In the attempt to produce the illusion of greater depth with such a high-speed lens, Sasaki also manipulated the plane of focus (aka Petzval, or field curvature), making the edges of the image focus behind the central object — the opposite of most lenses — and the falloff more closely follow the curvature of the human face. (Editor’s note: The field of focus in a normal lens is a flat plane — parallel to the film plane. But in a “natural” or uncorrected lens, this field is curved forward so the center of the lens focuses farther away than the edges, and an optical designer has to force the edges to focus farther away so the plane is flat. In the case of Chevalier, Sasaki forced this plane to focus backward — away from the focus plane — so that the center would focus closer than the edges. This means that instead of just the tip of an actor’s nose being in sharp focus and everything else falling away, the plane of focus would form an ellipse that more closely followed a face. As a result, the area of faces that includes the nose and cheeks becomes more focused, making it appear that those images have more depth of field.)
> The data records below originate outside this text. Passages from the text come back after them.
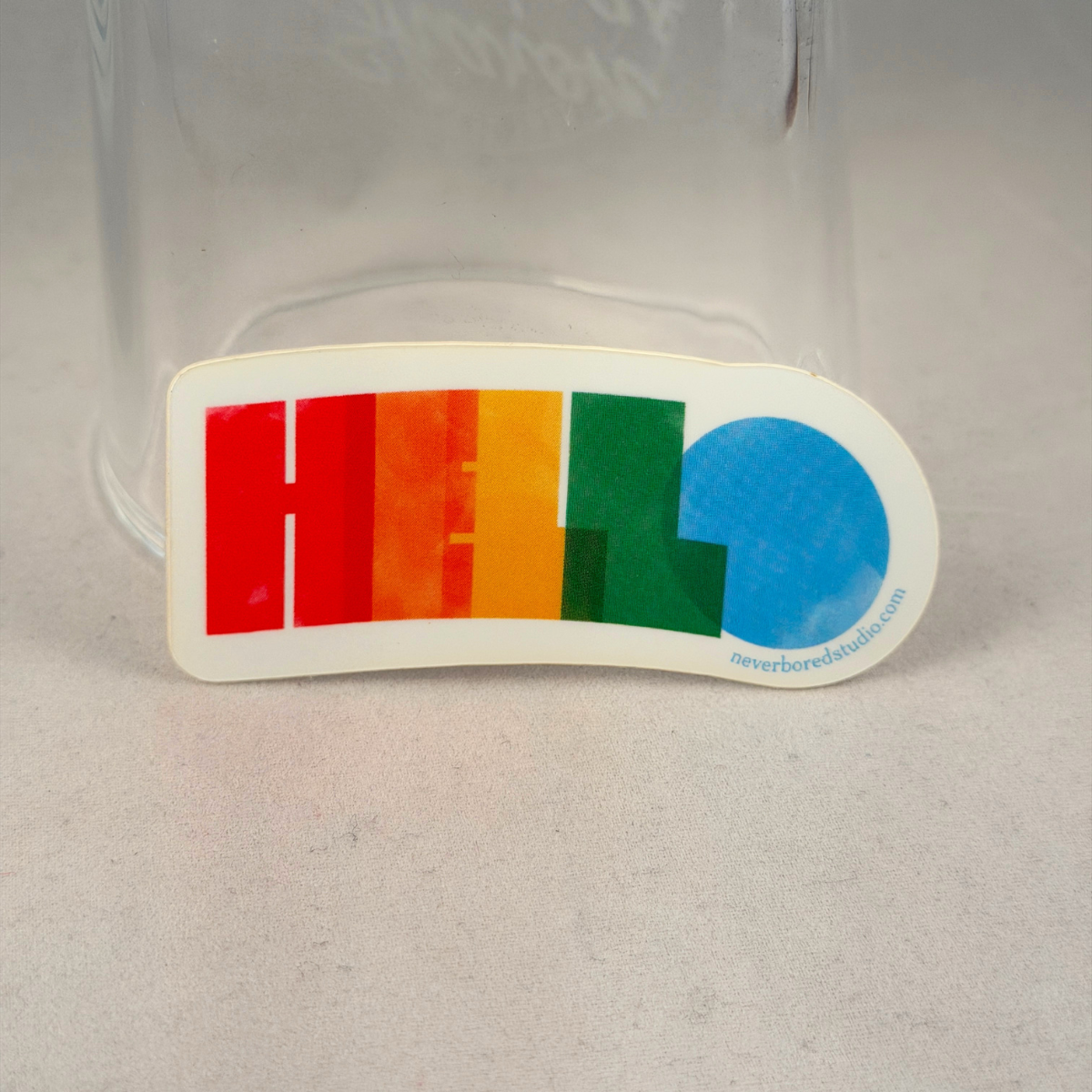 A die-cut sticker featuring the word 'HELLO' in rainbow colors (red, orange, yellow, green, blue) on a white background, placed in front of a clear glass jar on a light gray surface.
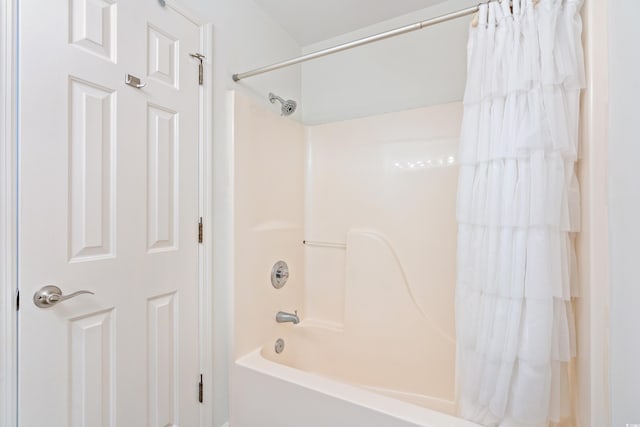 bathroom featuring shower / tub combo with curtain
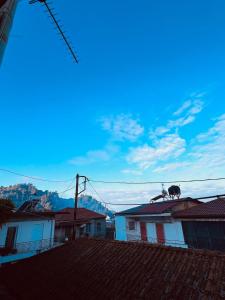 a cow sitting on the roof of a house at Alfeios cozy stays - Attic in Pyrgos +6 photos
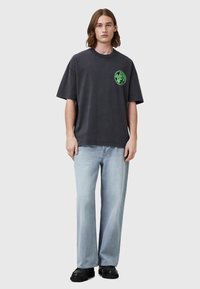 Løst siddende charcoal t-shirt med rund halsudskæring og grøn grafisk logo på brystet, parret med lyseblå jeans og sort fodtøj.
“These lenses are never mathematically sharp,” Hall says, “but we were aiming for a more ethereal sharpness, where the falloff isn’t as extreme and you effectively get more perceived depth of field.”
The cinematographer also wanted the lenses to replicate the warm halation of the candlelit scenes in Barry Lyndon, and Sasaki’s efforts to achieve this led to a happy accident. “We really studied those images to look at the lenses’ aberrations,” Sasaki recalls. “While incorporating those aberrations into these new lenses, I actually made a big mistake. We had limited time to make the modifications, so we based the results on a lens projector. A couple of days before production, I got the look we’d discussed and was really excited to show Jess, and then I suddenly remembered that lens projection shows the opposite effect of aberrations! So, the warm halation I’d built into the lens actually became a blue/violet halation from photographed light. It was really lucky that Jess loved the effect. It added an additional, natural color separation to the highlights — but it was a mistake!”
Says Hall, “It was a mistake that parlayed into a unique look and became quite special. I fell in love with it.”
Sasaki describes the UHS primes as “an experimental set of lenses that were inspired by Barry Lyndon and Jess Hall’s love for vintage optics. They were also built to share some of the imaging characteristics of our new VA primes. Since the initial designs were capable of covering a 65mm sensor, we were able to reduce the diagonal and pick up some speed with a custom image circle reducer, which allowed us to produce lenses capable of an f/0.9 to f/1.4. This was a hugely experimental endeavor, and if it weren’t for Jess’ inspiration and patience, this project would not have taken off as well as it did.”
Hall notes, “The markings on our set — 0.9-1.4 — matched exactly what I found in testing and shooting, in relation to my light-meter readings — which were confirmed via waveform and precise monitoring. For example, when moving from the 50mm T0.9 to the 40mm T1.2, I had to raise the light levels by approximately half a stop. Changing focal length from the 50mm T0.9 to the 75mm T1 also required more light, and so on.
“Dan and I have this ongoing collaboration,” the cinematographer adds. “He brings something I can’t always bring, and we meet on very fertile ground.”